My Dad was a huge figure in my life. As a little girl he taught me how to find my way in the woods, the names of plants and birds, how to swim (by throwing me out the back of a boat, of course), how to fish and most importantly, how to conduct myself. He had funny sayings like “no holidays”, referring to those places you miss when you’re mowing the grass. What he really meant was “no holidays” in life. If you’re going to do it don’t half-ass it.
My Dad made Buddhists look mean. He was a gentle, soft-spoken man who would carry Wolf spiders outdoors (if you’ve ever seen a Wolf spider you know what I’m talking about). But, he was also the man who, when our dog bit a kid on the street in front of our house, picked up a shovel and his .22, walked the dog out into the woods, dug a hole, shot the dog and buried him. He loved that dog.
My dad died the morning after I signed the papers to sell our startup. I had stayed in town thinking I had time. I didn’t mention my dad was dying to our investors or the buyer because, well, he would not have wanted me to use his death as a negotiation device. That’s poor form. The buyer had putzed around all week, stalling, to get us to agree to a lower price and finally scheduled a time late Friday night to sign. I had a ticket to fly home on Sunday. Dad died Saturday morning.
When the call came, I was standing in a karate seminar taught by the head of our dojo. It was a big deal, the man had traveled all the way from Hawaii and people, shoulder to shoulder, surrounded me. When I heard my phone ring I knew it was my Mom calling me to tell me Dad had died. Sometimes you just know. I thought about walking out of the seminar then but knew that Dad would have wanted me to finish—no holidays—so I did.
The following week, along with my Mom, cousins, aunt and a couple friends, I dug a hole for Dad’s ashes in the Maki family plot, a mile down the road from the farmhouse where he was born. We used the same post hole digger my cousin’s had used to dig the hole for their father, Arne, and we buried Dad’s ashes next to Arne’s—the last of their generation. I had paid the full price for my choice to leave but I knew my Dad wouldn’t have had it any other way.
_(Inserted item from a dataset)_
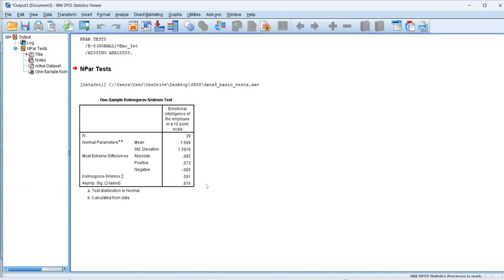Since the p value is greater than 0.05, so we can conclude that the emotional intelligence of the employees follow normal distribution as there is no evidence to reject our null hypothesis. So we accept our null hypothesis.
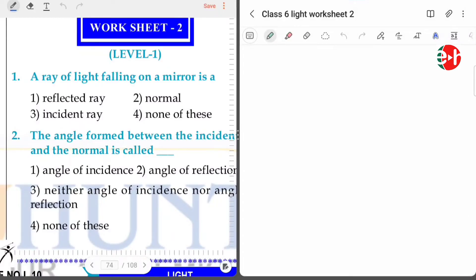Hello my dear friends, today I am going to discuss worksheet 2 from class 6 chapter light.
I think about my dad just about every day now and when faced with tough decisions I ask myself “what would dad do?” and it always seems to bring the right answer. I was thinking about him again today as I prepare to set out on a new, crazy adventure and watch the people that might join me make their own tough decisions. Most of us are small town kids, now grown up, who have made the most of the opportunities presented to us—education, career, family—and it is difficult to choose to embark on a choice that puts ourselves first. Country kids are loyal and tend to stick close to home and the people who have helped them along the way.
But I say to them, like my Dad taught me, there is nothing you can’t do. But, to truly seize the day, you will have to shed all attachments, even our small towns and families (not forever, just a little while), and go big like they raised us to do, even when you feel you’re not ready or it’s not the right time. It’s never the right time for anyone else, only you. If it’s a huge opportunity worth risking it all for, you will recognize it by the fact it requires more than you’ve ever sacrificed before, maybe even the good regard of friends and loved ones (again, not forever, but maybe a little while).
If you make that choice, dive head first, carpe diem, do a good job and no holidays.